## The task
Excerpt from the entries below: please repeat exactly the lines from the one containing "Hoodie Homme Streetwear" through the last one, both ends included, with no pictures.

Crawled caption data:
*** Begin section ***

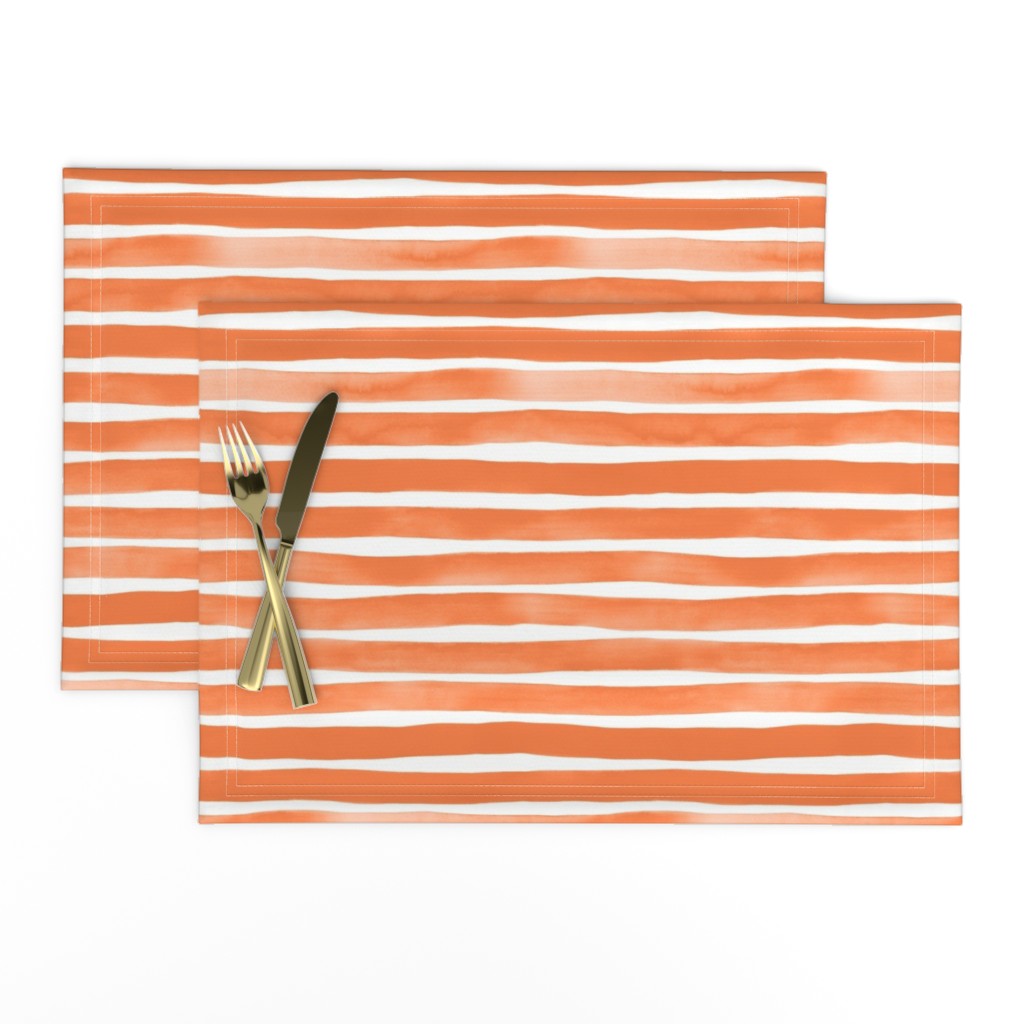 Watercolor Stripes M+M Tangerine by Friztin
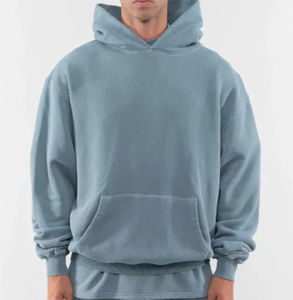 Hoodie Homme Streetwear Personnalisé en Gros, Coupe Oversize, Épais, Uni, Effet Délavé Vintage, Épaules Tombantes, en Coton French Terry - Product Image 1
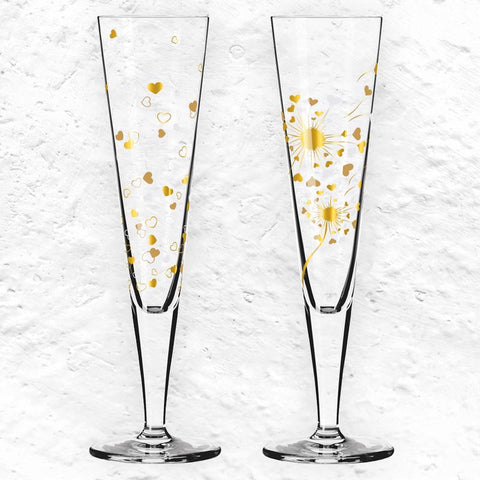 Goldnacht Champagne Glass "Duett" Set F24 - des. Ana Vasconcelos for Ritzenhoff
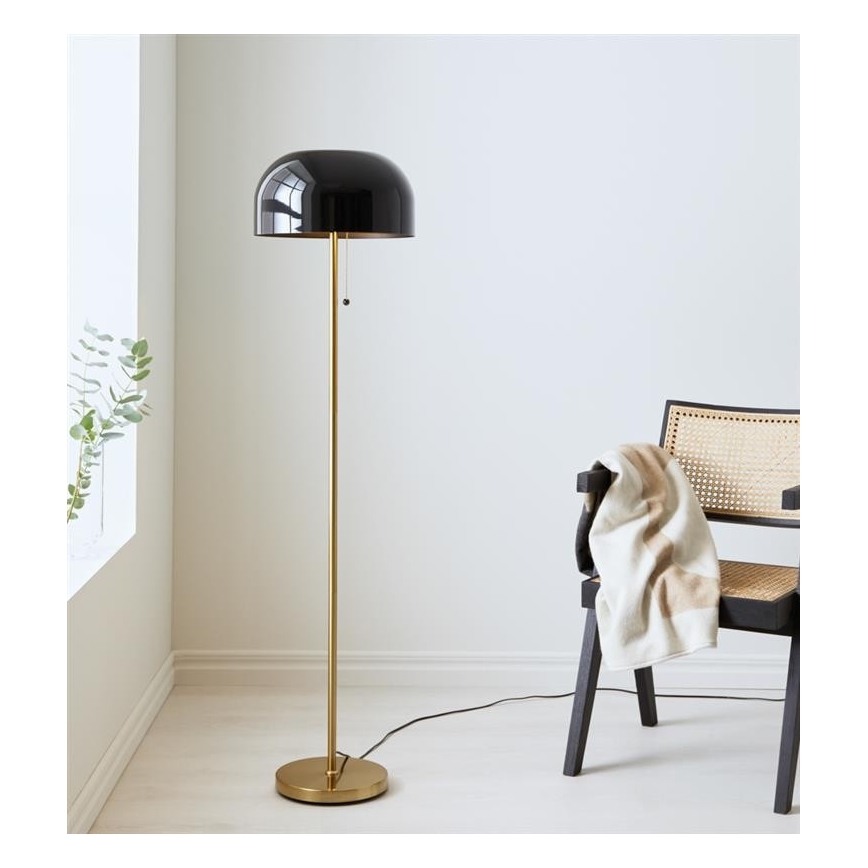 Markslöjd 108293 - Gulvlampe BLANCA 2xE27/40W/230V sort/guldfarvet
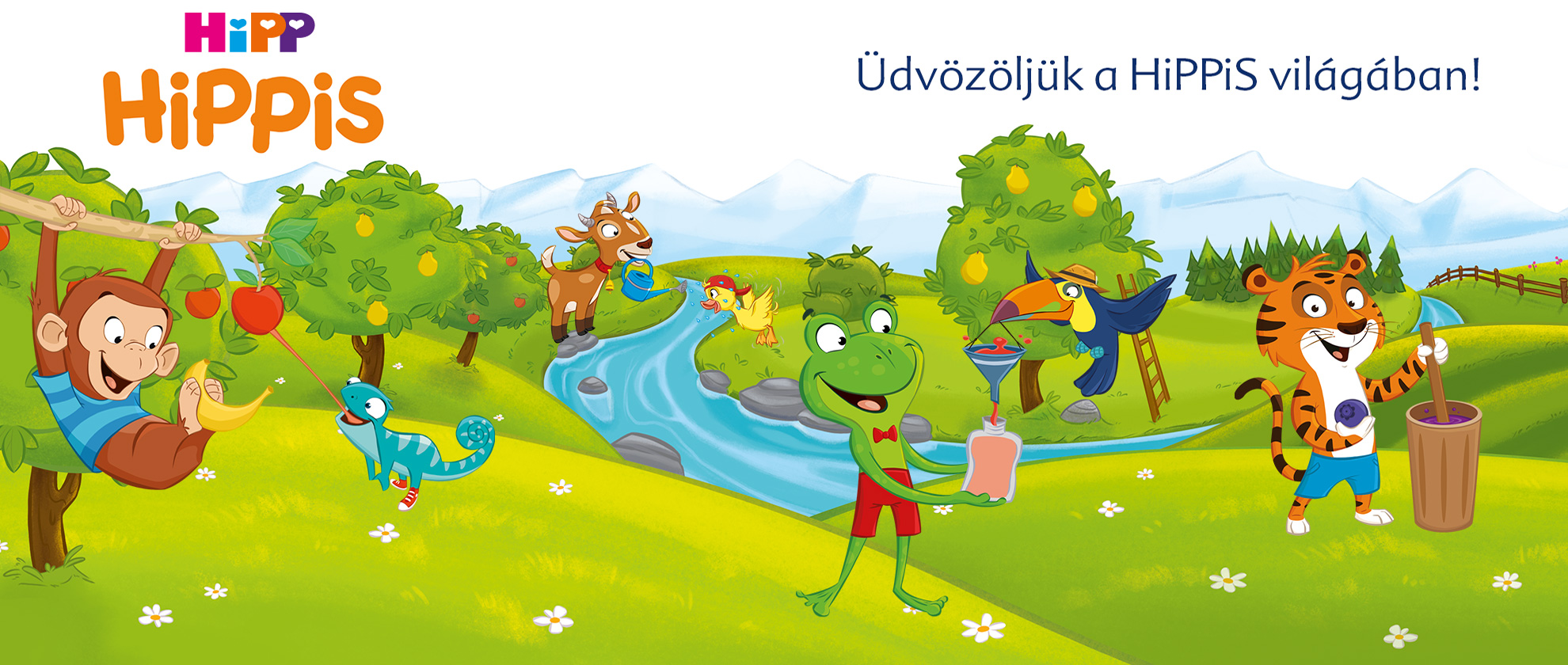 Egy majom leng egy faágról, egy béka tart egy üveget, egy tigris áll egy dombon, és számos állat játszik egymással a buja tájban.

*** End section ***

## Task answer
 Hoodie Homme Streetwear Personnalisé en Gros, Coupe Oversize, Épais, Uni, Effet Délavé Vintage, Épaules Tombantes, en Coton French Terry - Product Image 1
 Goldnacht Champagne Glass "Duett" Set F24 - des. Ana Vasconcelos for Ritzenhoff
 Markslöjd 108293 - Gulvlampe BLANCA 2xE27/40W/230V sort/guldfarvet
 Egy majom leng egy faágról, egy béka tart egy üveget, egy tigris áll egy dombon, és számos állat játszik egymással a buja tájban.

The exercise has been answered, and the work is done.